It’s safe to say that nobody was clamoring for a remake of 1983’s Valley Girl. Set in (then) contemporary Los Angles, it paired a subdued (by today’s standards) Nicolas Cage as a Hollywood bad boy and Deborah Foreman as Julie, the titular girl of the San Fernando Valley. The original was a pleasant enough teen romance most memorable for introducing that unique Valley patois to the rest of America and a soundtrack of full of New Wave radio hits. Director Rachel Goldenberg’s new version takes those elements and heightens them, turning Valley Girl into an ‘80s pastiche that not only goes full musical, but adds surprising depth to the story.
Writer Amy Talkington’s script begins by justifying the ‘80s setting with a framing device wherein present day Julie (Alicia Silverstone) tries to comfort/impress her recently-heartbroken daughter (Camila Morrone) with the story of her first love. While it’s borderline insulting to have the former Miss Cher Horowitz (who would have turned 7 in 1983) in the role, Goldenberg is almost certainly using her casting and the soundtrack’s inclusion of “Kids in America”–which also plays in Clueless–to draw a line between that iconic teen comedy and hers. Like that film, Theresa Guleserian’s production design is colorful and a little absurd. It’s not trying to recreate the realistic-ish fashions from the original Valley Girl, but an idealized version from Julie’s memory.

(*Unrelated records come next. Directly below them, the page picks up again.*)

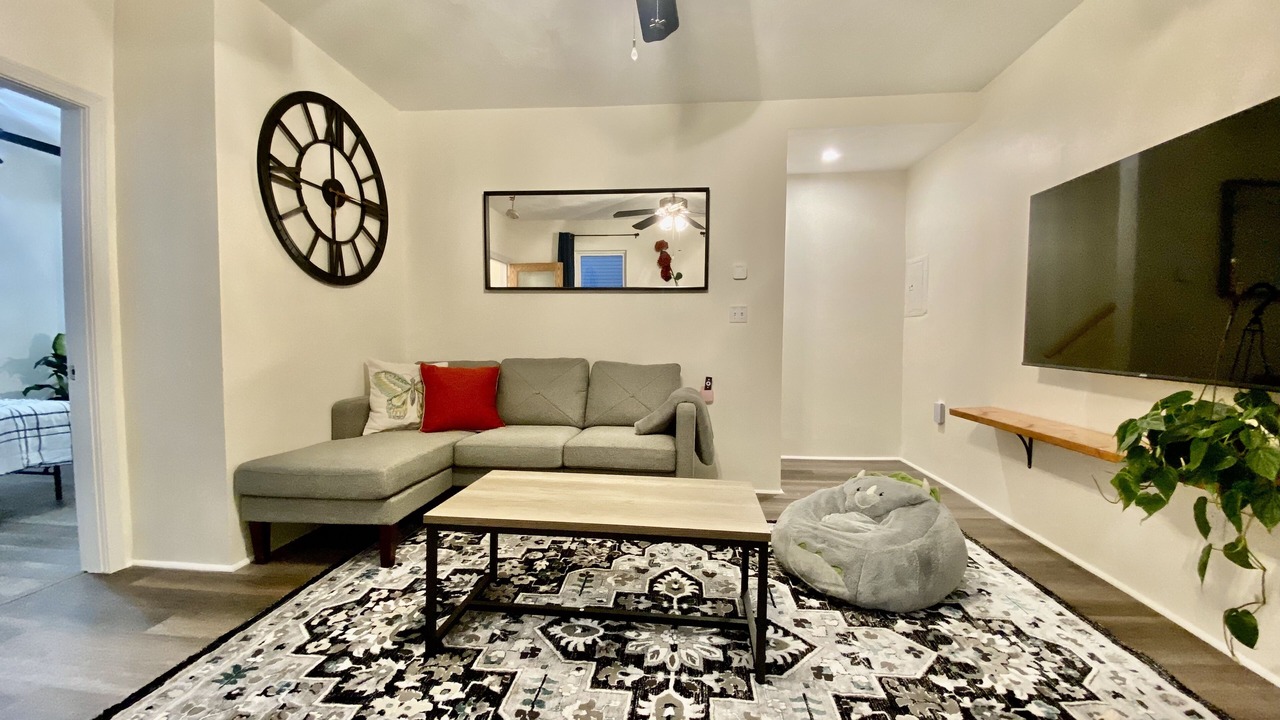 Photo of Livingroom in Quincy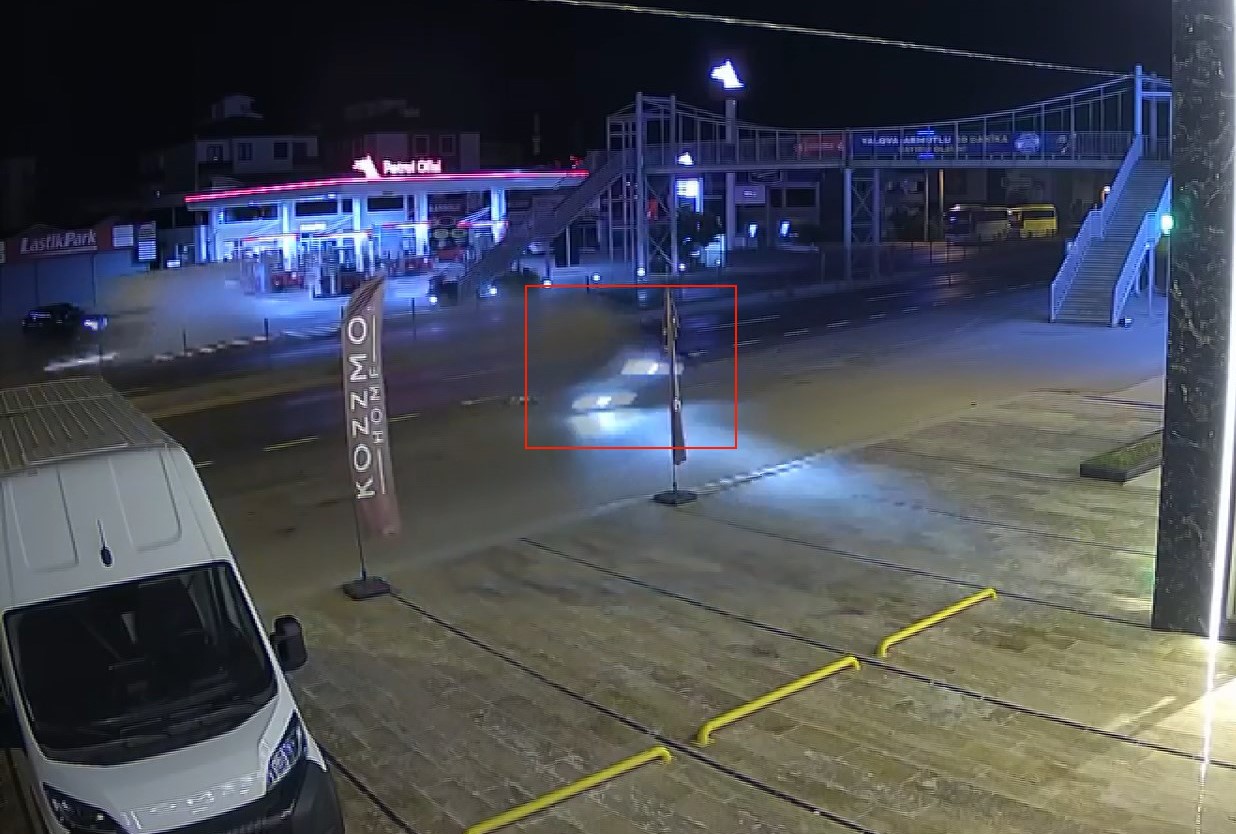 Kocaeli istikametinde otomobil takla attı: 1 yaralı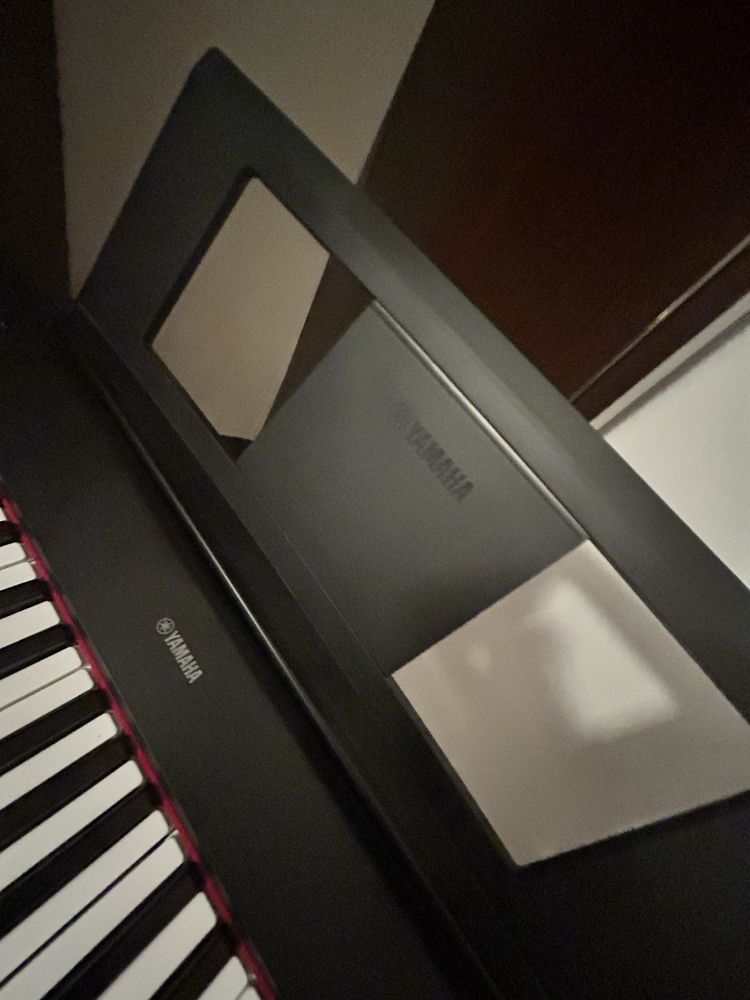 Yamaha np-12 b czarne pianino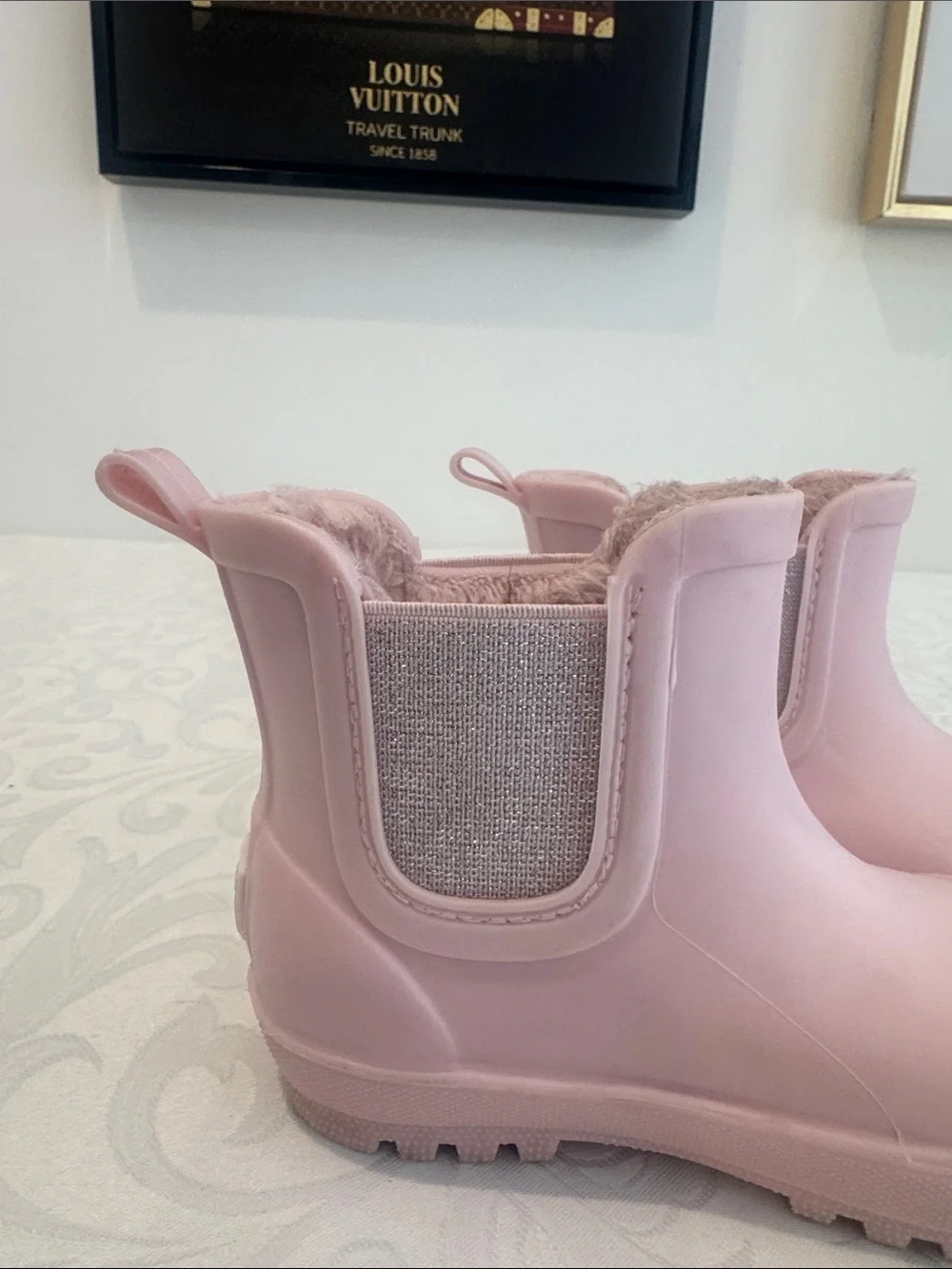 BearPaw soft pink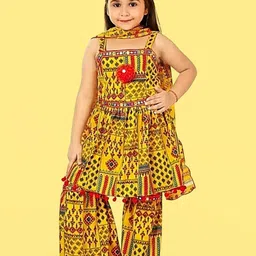 HSS TRENDS Kids-Unisex Yellow Cotton Blend Clothing Set-image-6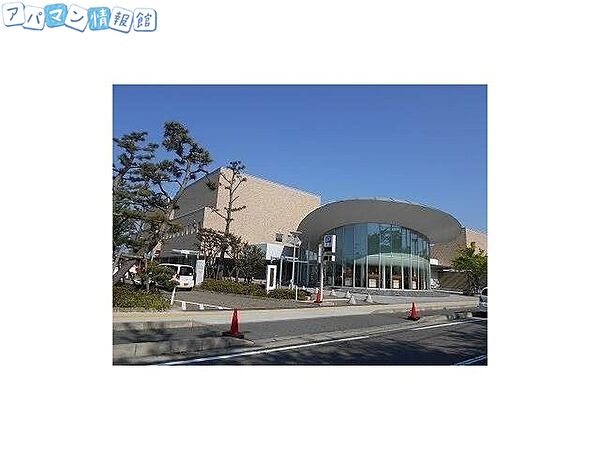 画像18:新潟市立中央図書館 921m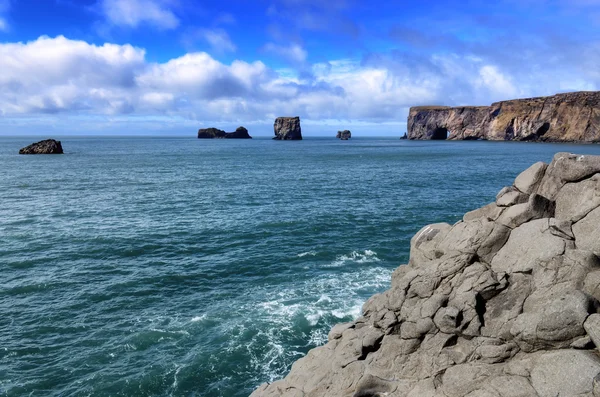 Dyrholeay útesy a skály na oceán, Island — Stock fotografie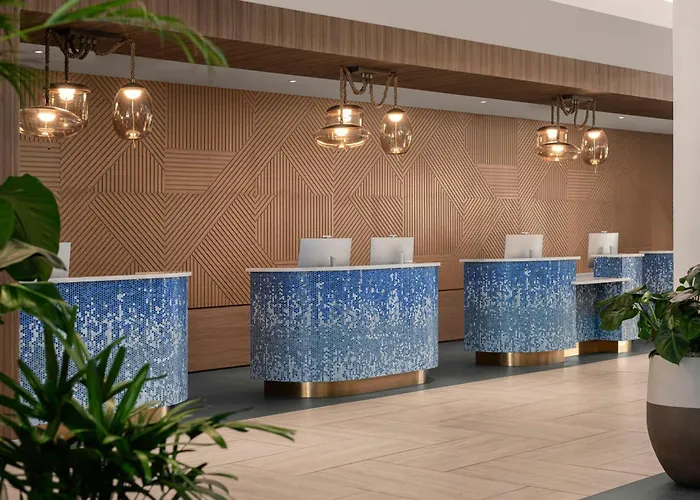 Beach hotel: Sheraton San Diego Resort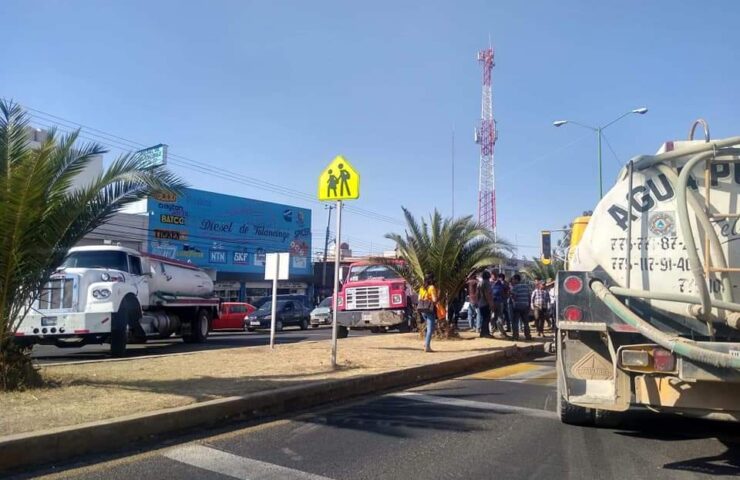 Pipas bloquean circulación en Tulancingo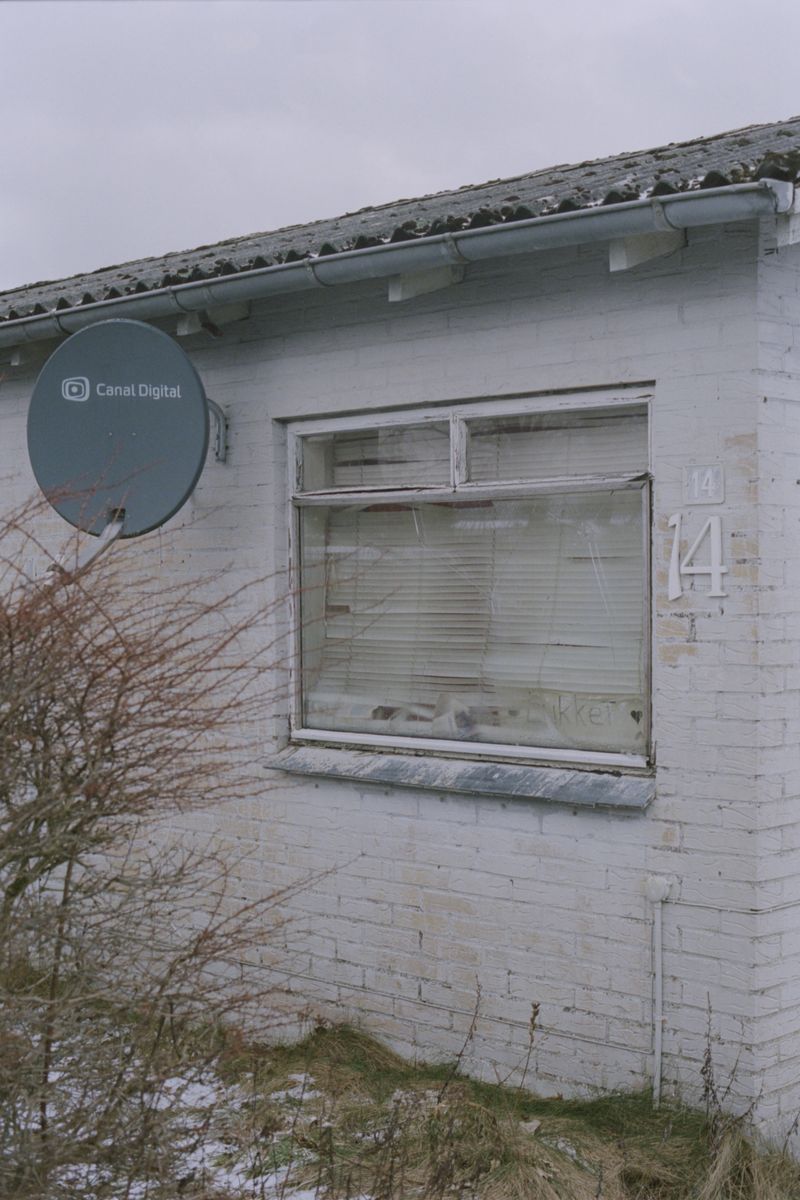 © Sarah Hartvigsen Juncker og Louise Herrche Serup - Image from the You still don't know my name photography project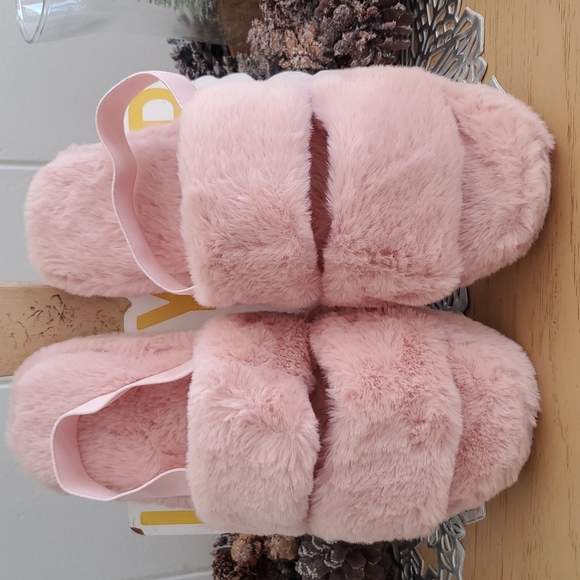 P2007   Jenni Intimates Happy Merry & Cozy Slippers Peachskin Large 9-10 - Picture 7 of 11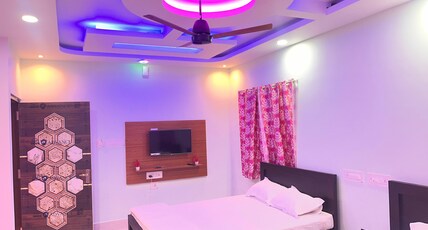 Sujata Villa Guest House Room Type - Double bed Ac Deluxe Premium room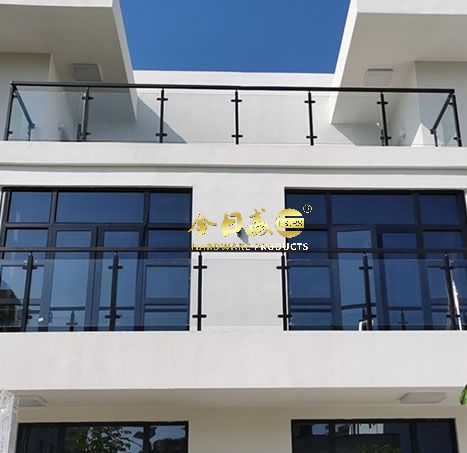 啞光魚(yú)嘴夾玻璃立柱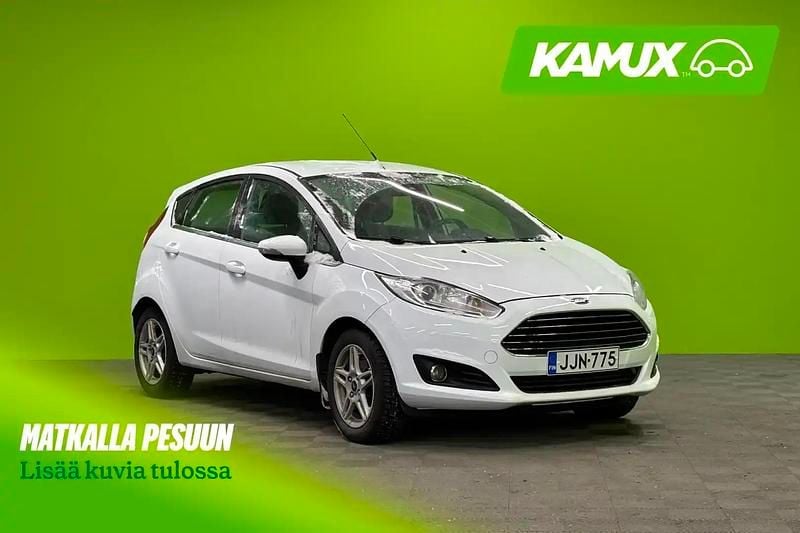 Valkoinen Käytetty 2014 Ford Fiesta Titanium Viistoperä | 4 490 € (Perustarjous) - Kuva 1/4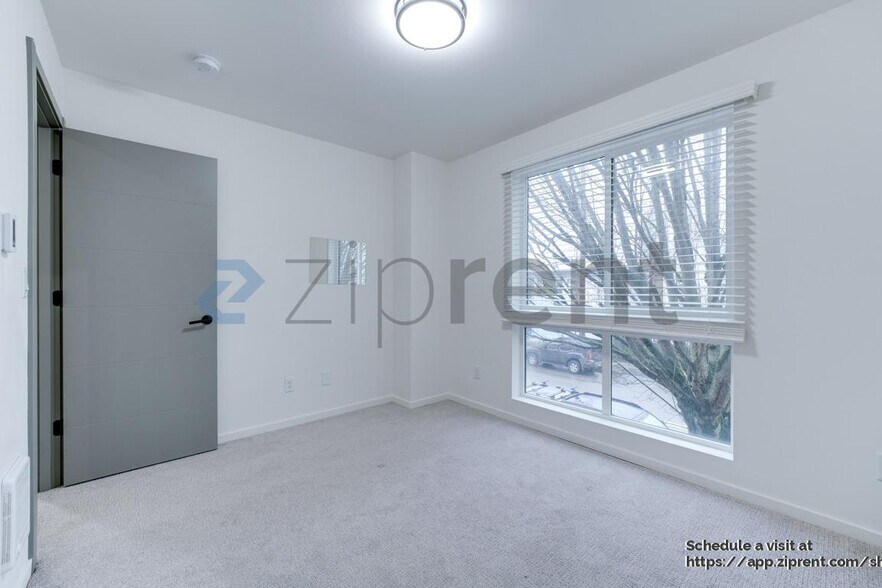 Building Photo - 539 S Cloverdale St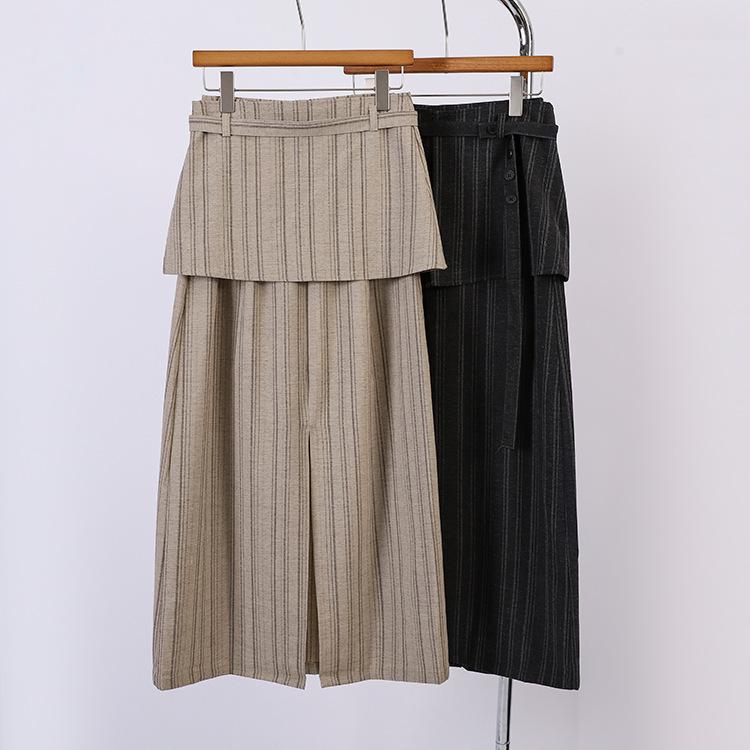 Jupe Rayée à Ceinture Fei Yuan: Design élégant avec fente arrière pour le début du printemps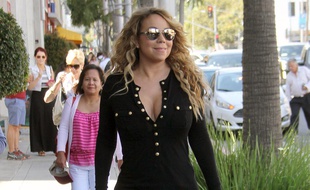 La chanteuse Mariah Carey faisant du shopping à Los Angeles, avril 2017.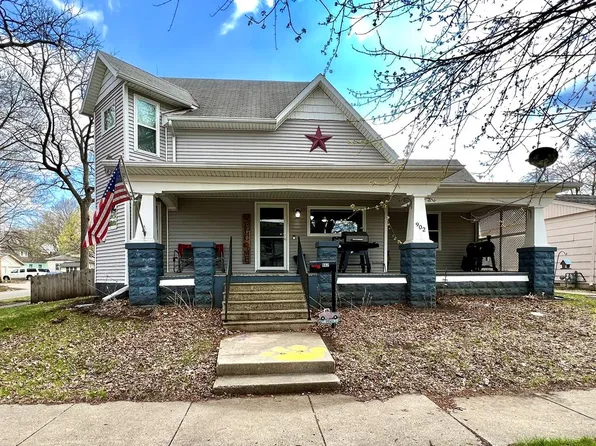 902 1st St, Webster City, IA 50595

So, it’s precisely because what we see is supposed to be a memory that the film can get away with not only delivering a cartoon version of the ‘80s, but convey nearly every plot point and character trait through a musical number. The film’s first number, a cover of The Go-Go’s “We Got the Beat” is set in that bastion of suburban life: a mall. As young Julie (Jessica Rothe) and her friends Karen, Loryn and Stacey (Chloe Bennet, Ashleigh Murray and Jessie Ennis, respectively) dance and sing their way through the stores, it’s impossible not to get swept up in their and the film’s energy and it basically retains that momentum through much of its first half by giving us one number after another.
Still, while the production design and La La Land choreographer Mandy Moore’s work generate a lot of that energy, the perfectly-chosen cast is equally responsible for keeping the audience engaged. Bennet is perfect as the mean girl of the group and nearly steals the movie during a workout studio number set to a mash-up that includes “I Just Can’t Get Enough,” “Tainted Love” and “Material Girl.” Judy Greer is as effortlessly brilliant as ever as Julie’s uptight, but clearly yearning for more mother. Even Logan Paul (who is the reason film’s release was delayed two years) is perfect as Julie’s self-centered, obnoxious valley boyfriend. Every character gets at least one major moment to shine and it’s perhaps because the film is such an ensemble piece that Rothe as the straight man doesn’t quite stand out as much as she might have.
That said, Rothe is by no means bad here and in fact does fine work grounding the film in–if not reality–than real emotions. As effervescent as Rothe is in that first number, she also plays Julie as a girl who already seems to understand that there’s so much to experience outside the small circle of her valley life. Julie may be set to go to Cal State Northridge with her friends in the fall, but she also has secret ambitions of becoming a fashion designer. So, when Josh Whitehouse’s Randy comes along in his leather jackets and tattoos, he’s not so much her introduction to a different lifestyle, but her gateway to becoming who she already wants to be.
However, while Rothe and Whitehouse’s instant chemistry is strong enough to make the film’s love story just as convincing as the original, it’s the ways Goldenberg and Talkington alter the story slightly that elevate Valley Girl. The original film’s conflict basically boils down to will Julie realize her valley life is vapid and suffocating, but this version doesn’t dismiss or talk down to Julie for caring about things like prom or having her parents and friends accept Randy. Rather, it starts from a premise of women contain multitudes and explores every female character–even villains–from that premise. In one of the film’s best scenes, Julie reprimands Randy after he causes a scene in front of her friends, pointedly asking him why she’s expected to integrate into his world while he doesn’t have to do the opposite for her. It’s a really satisfying moment and one so rarely seen in teen romances especially and the film’s last act is filled with choices that twist clichés to reflect how feminism has evolved since 1983.
Granted, there are elements of that change in viewpoint that feel heavy-handed (a pretty cringeworthy conversation about astronaut Sally Ride, for instance), but overall, Valley Girl feels almost like a corrective to years of rom-coms that put women down just as often as they uplift them. Yes, Julie and her friends can be shallow or short-sighted, but the film never dismisses even their pettiest concerns, arguing instead that these girls are just as entitled to figuring things out and messing up as generations of male characters. Perhaps those changes and shifts in viewpoint seem small in the grand scheme of things, but they feel revolutionary in a genre not prone to taking chances.